Open mshmoon opened 4 years ago

mshmoon commented 4 years ago

Please see the function that come from utils.py: def one_hot_it_v11_dice(label, label_info): semantic_map = [] void = np.zeros(label.shape[:2]) for index, info in enumerate(label_info): color = label_info[info][:3] class_11 = label_info[info][3] if class_11 == 1: equality = np.equal(label, color) class_map = np.all(equality, axis=-1) semantic_map.append(class_map) else: equality = np.equal(label, color) class_map = np.all(equality, axis=-1) void[class_map] = 1 semantic_map.append(void) semantic_map = np.stack(semantic_map, axis=-1).astype(np.float) return semantic_map The variable "semantci_map" is a python list, but in the function ,the list only have twice append operations so that in compute loss pahse the error of output and target have different shape happend, because output shape is [batch, num class,w,h], but target shape is [batch ,2,w,h]. I can't guarantee I'm absolutely right.
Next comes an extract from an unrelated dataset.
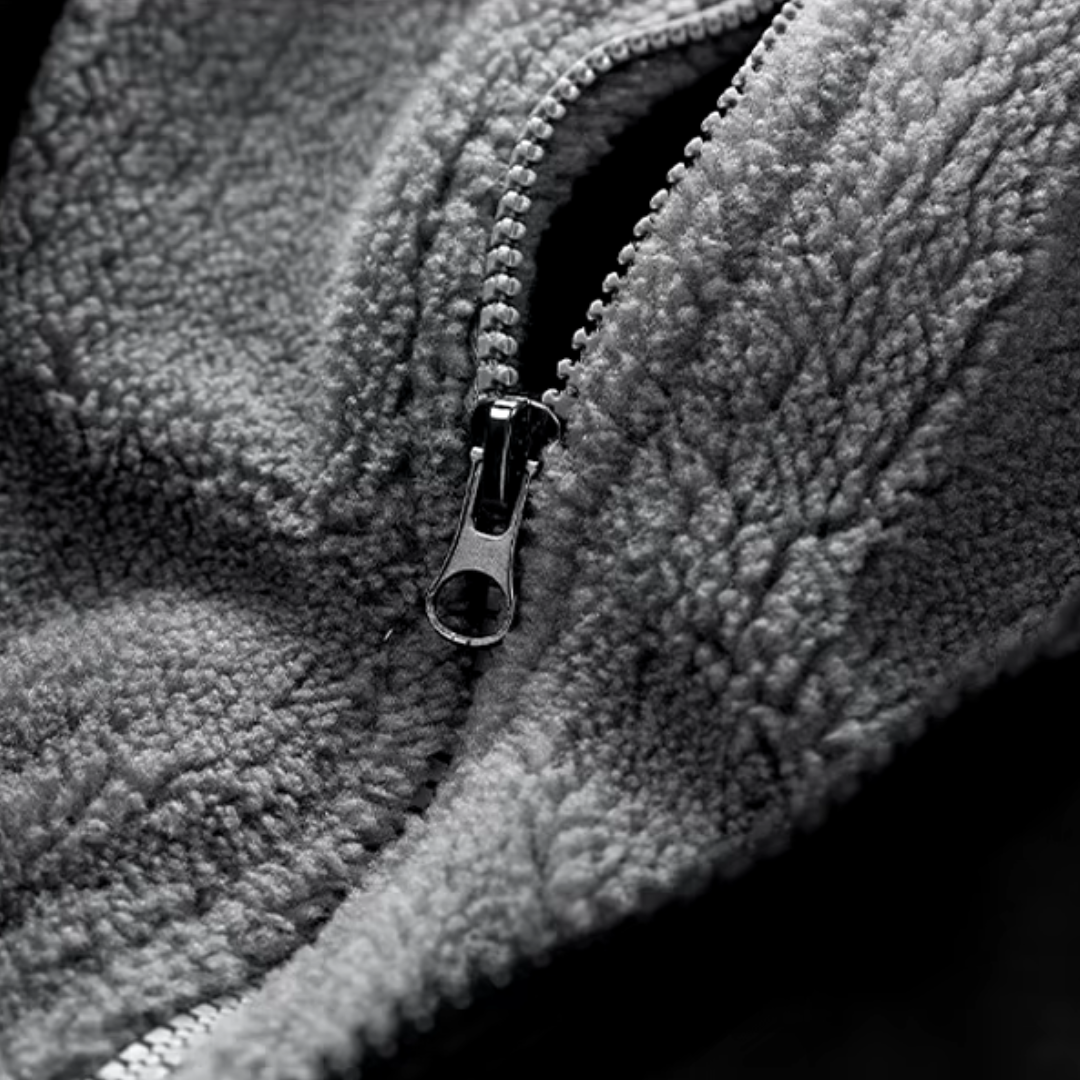 Chaqueta Skyview de Forro Polar con Capucha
dronefreak commented 4 years ago

Hi @mshmoon You are correct. This is an issue that I am also facing. Have you been able to resolve this?

mshmoon commented 4 years ago

@dronefreak I have use the other version code of bisenet

dronefreak commented 4 years ago

Hi @mshmoon Have you used the other version with CamVid dataset or Cityscapes? Could you kindly share your CamVid training codes and CamVid dataset scripts if you have done so?

mshmoon commented 4 years ago

@mshmoon The CamVid training codes can be any semantic segmenation codes, but the difference is the label encoding and label decoding betweent these codes, do you have a trouble about it? You can download CamVid from this link: https://github.com/alexgkendall/SegNet-Tutorial/tree/master/CamVid

mshmoon commented 4 years ago

@mshmoon I have train CamVid, Cityscapes and Pascal VOC2012

dronefreak commented 4 years ago

Hi @mshmoon

Yes indeed. I am new to this field and I have had some troubles in encoding/decoding the labels. I used the above mentioned link previously, but was unable to train properly. I will try again. Thanks a lot!